I've been doing a lot of work in Keras recently, and as with all things deep learning it's helpful to track the loss and accuracy metrics of your algorithm during training. If you're using Tensorflow you can simply use Tensorboard to graph everything. Unfortunately, I was using the Theano backend so I had to get creative.
This then serves as a small guide to how I achieved what I needed for my purposes. In a nutshell, I used the callbacks functions in Keras to initialize a streaming connection plot.ly, and then at the end of each epoch I updated the graph. I also wrote a little heartbeat thread to keep the connection open during training.
Let's get into the code...
First, we grab the stream tokens from the credentials file. In order to use stream tokens, you need to set them up in your plot.ly account. Go to https://plot.ly/settings/api and hit "Add new token". I added four, which was sufficient for my needs. To use them, they need to be stored in your ~/.plotly/.credentials
file alongside your username and API key. The plot.ly getting started guide has a full explanation if you've never done this before.

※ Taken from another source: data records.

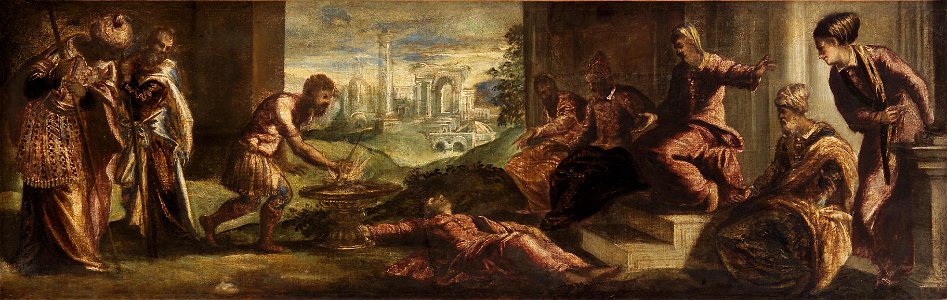 Tintoretto - Mucius Scaevola vor Porsenna, um 1545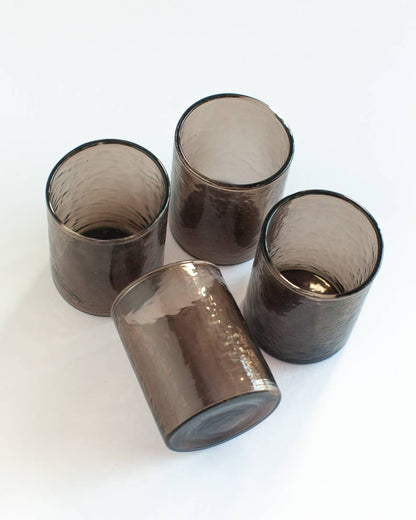Handblown Hammered Glasses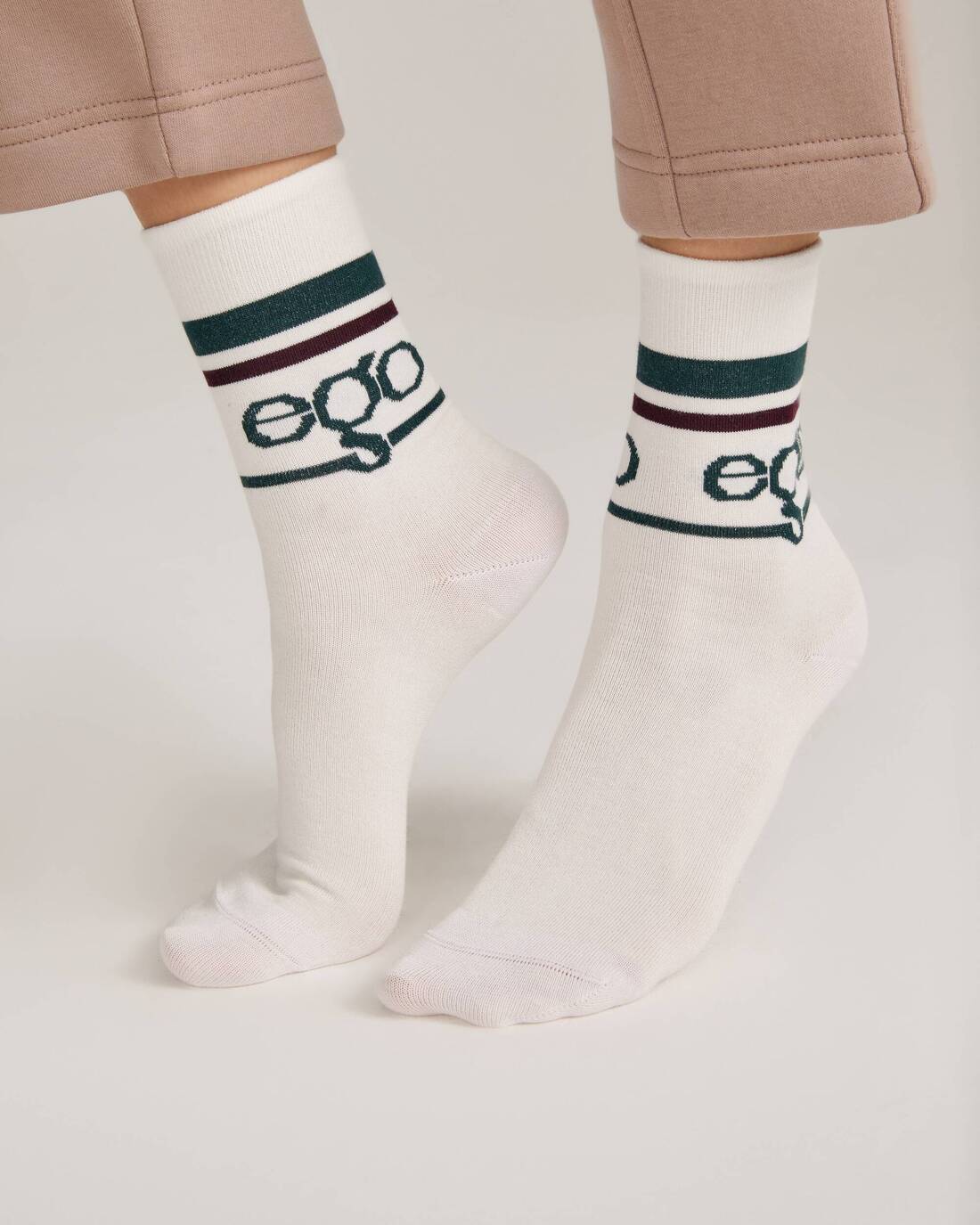 Socks with Ego embroidery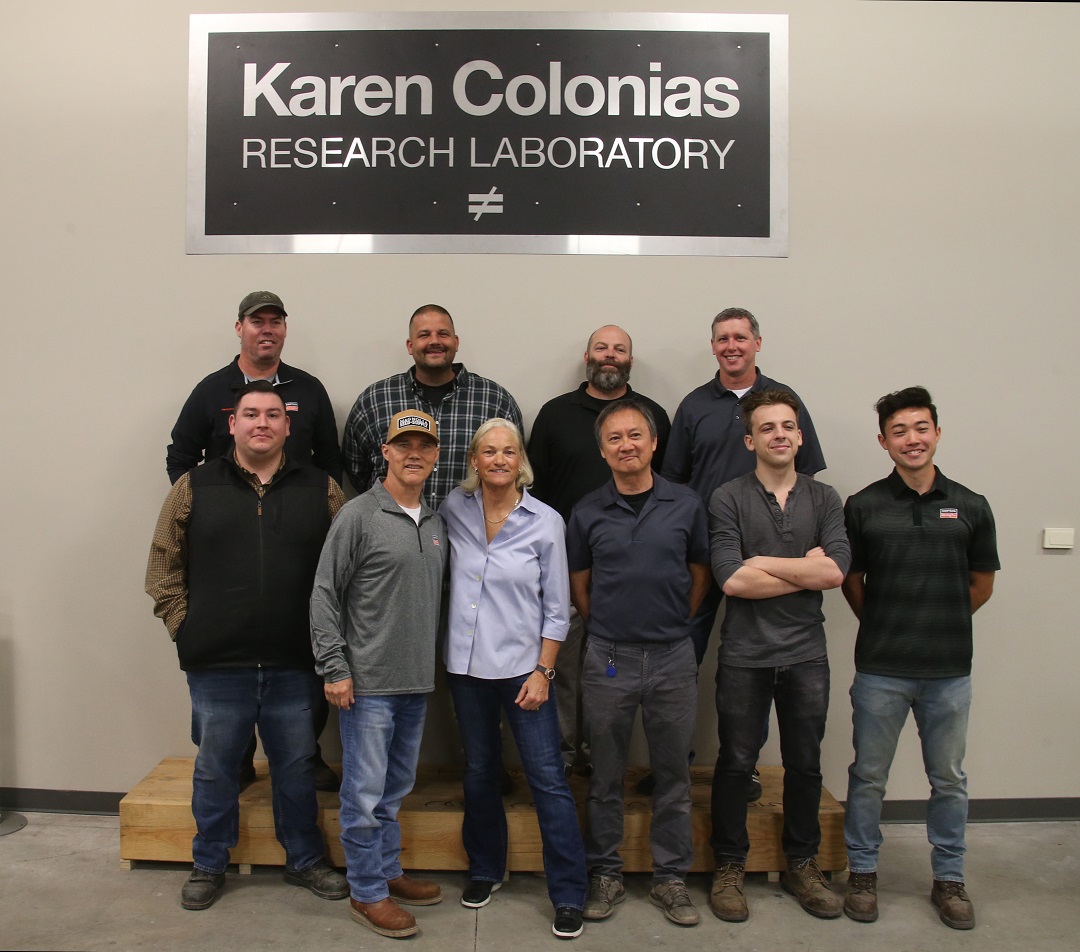 Pleasanton Lab Crew with Karen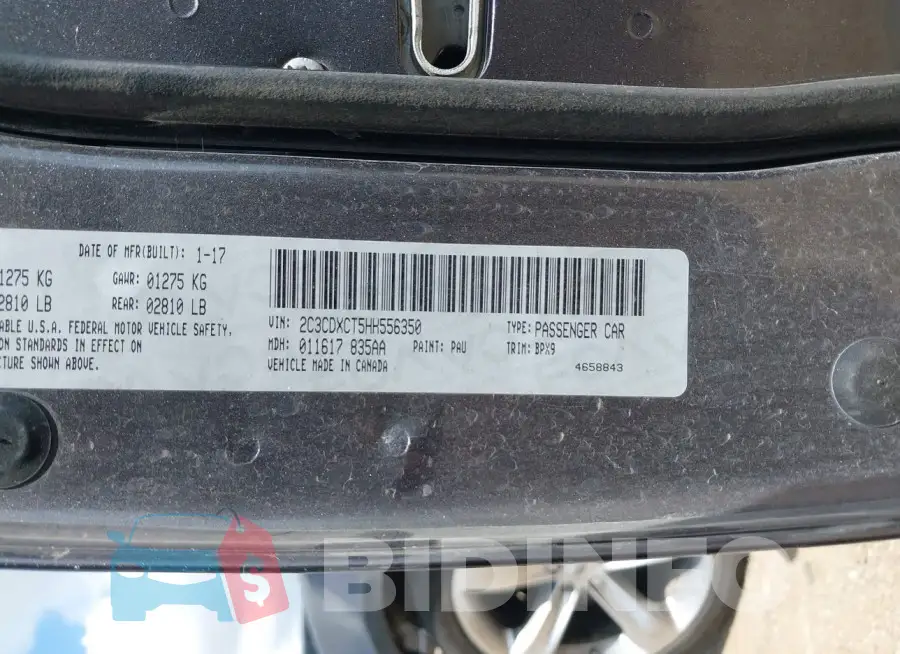 2C3CDXCT5HH556350 Photo# 9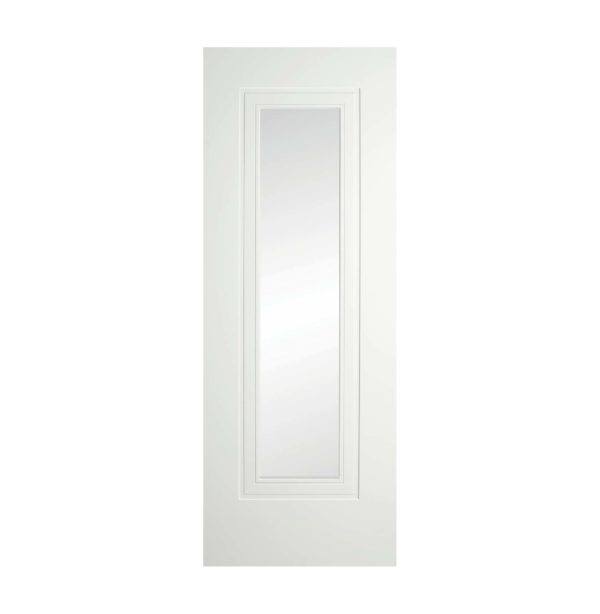 Versailles White Primed Clear Glass
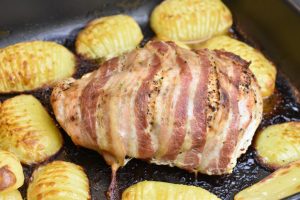 DSC_0411 • nogetiovnen.dk Kalkunsteg i ovn - fyldt kalkunbryst med bacon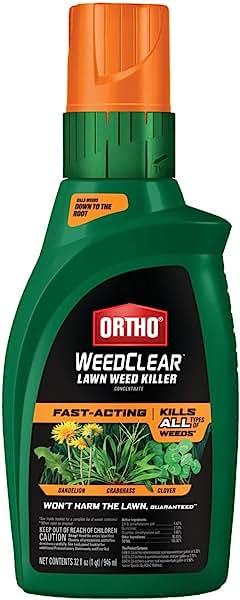 Ortho WeedClear Lawn Weed Killer Concentrate, Fast-Acting Formula, 32 fl. oz.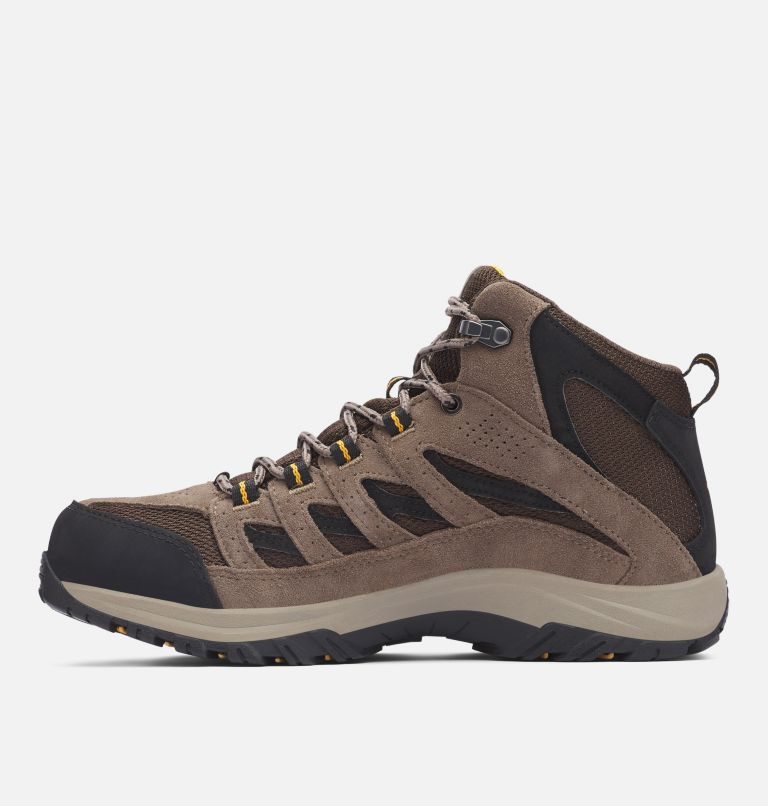 Men's Columbia Crestwood Mid Waterproof Hiking Boots Brown | CA-X0186
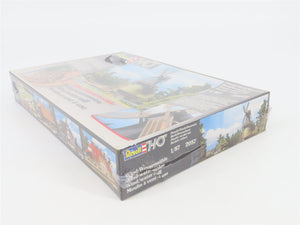 HO 1/87 Scale Revell Kit #2057 Wind/Water Mill - Sealed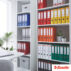 Segregator Esselte A4, ekonomiczny 75 mm, żółty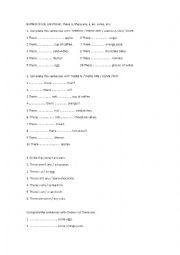 English Worksheet: EXPRESION DE CANTIDAD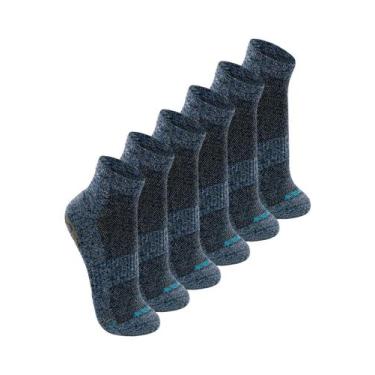 Imagem de Kit com 6 Pares de Meias Antiderrapante Pilates Lupo 3310-003, Azul, 4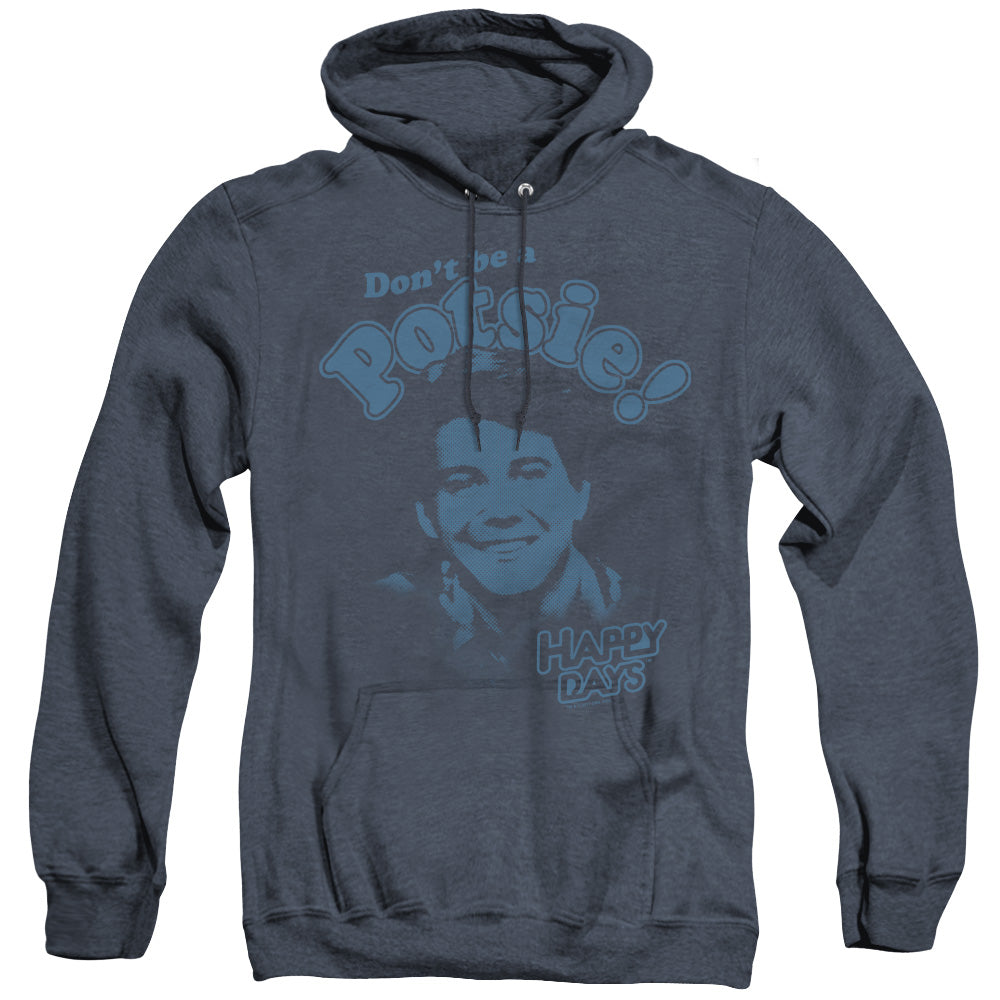 Happy Days Dont Be A Potsy Heather Mens Hoodie Navy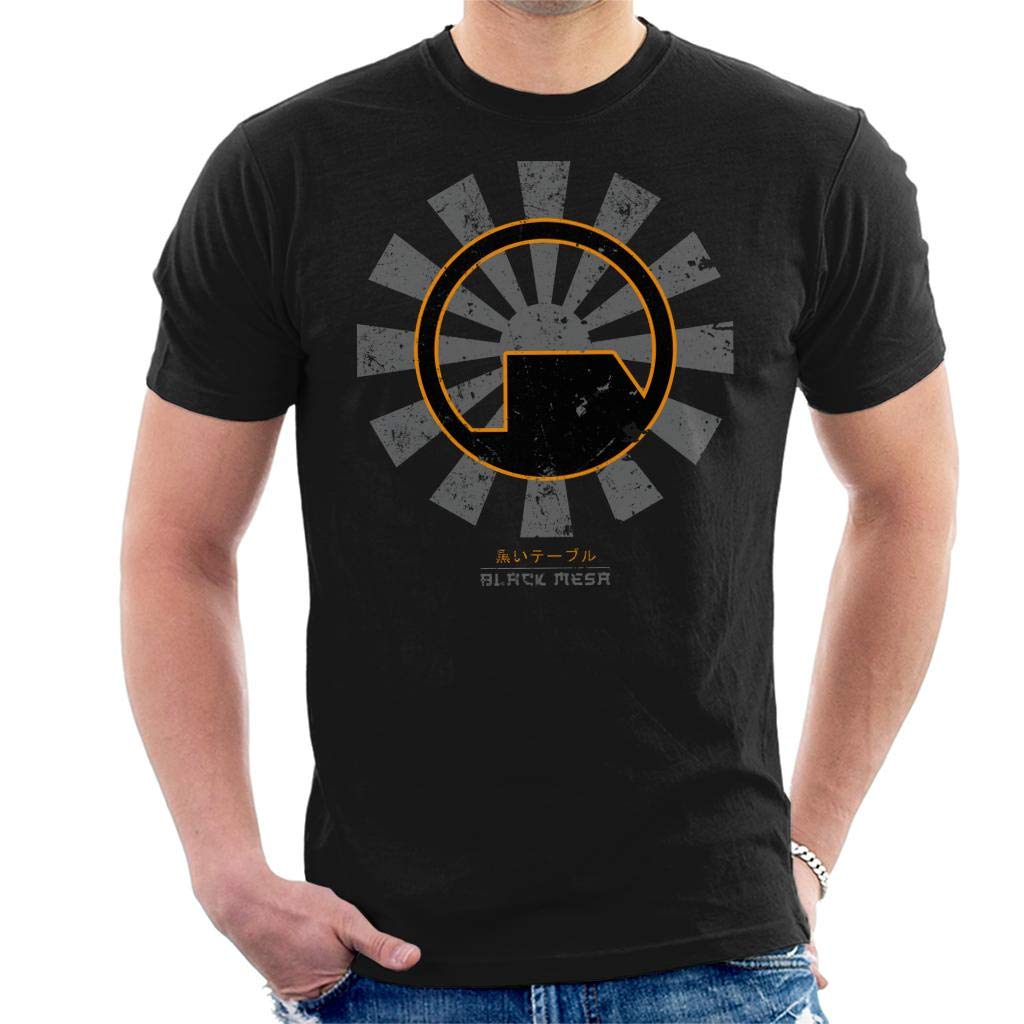 Black Mesa Retro Japanese Half Life Men's T-Shirt
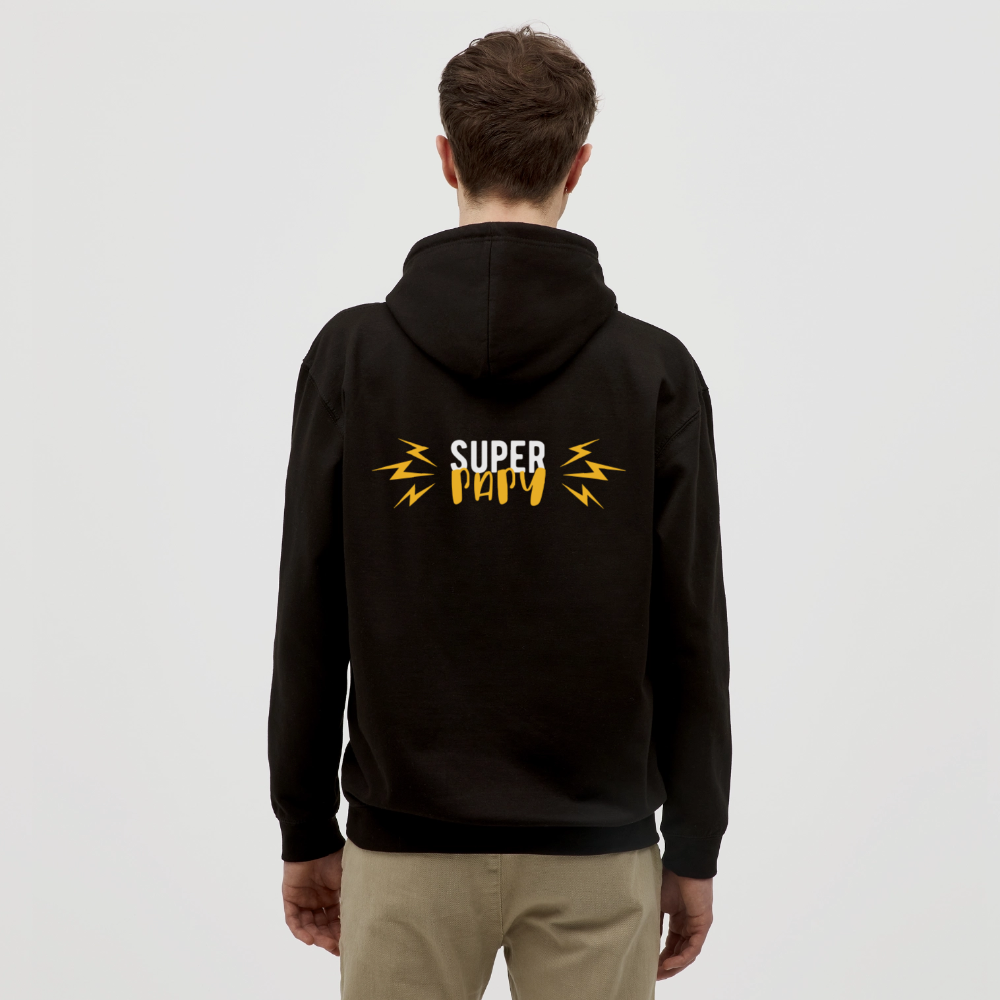 Super Papy 3 Unisex Hoodie - black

Next, I generate stream IDs. These take two forms. Here, I'm creating simply dictionaries which have two keys, token
and maxpoints
. Alternately, you could use the plotly.graph_objs method as below:
stream_id1 = go.Stream(token=stream_tokens[-1],maxpoints=600)
import plotly.tools as tls
stream_tokens = tls.get_credentials_file()['stream_ids']
stream_id1 = dict(token=stream_tokens[-1], maxpoints=600)
stream_id2 = dict(token=stream_tokens[-2], maxpoints=600)
stream_id3 = dict(token=stream_tokens[-3], maxpoints=600)
stream_id4 = dict(token=stream_tokens[-4], maxpoints=600)
Now I define the traces we plan on plotting. In my case, I've got four traces for the loss and the jaccard index, for both the training data and the validation data. Each trace requires a stream ID. Note that the x and y values for the traces are just empty lists at this point, since I'm not ready to plot anything yet.
import plotly.graph_objs as go
loss = go.Scatter(x=[], y=[], name='Loss', stream=stream_id1, mode='lines+markers',yaxis='y', line=dict(shape='spline',smoothing=1))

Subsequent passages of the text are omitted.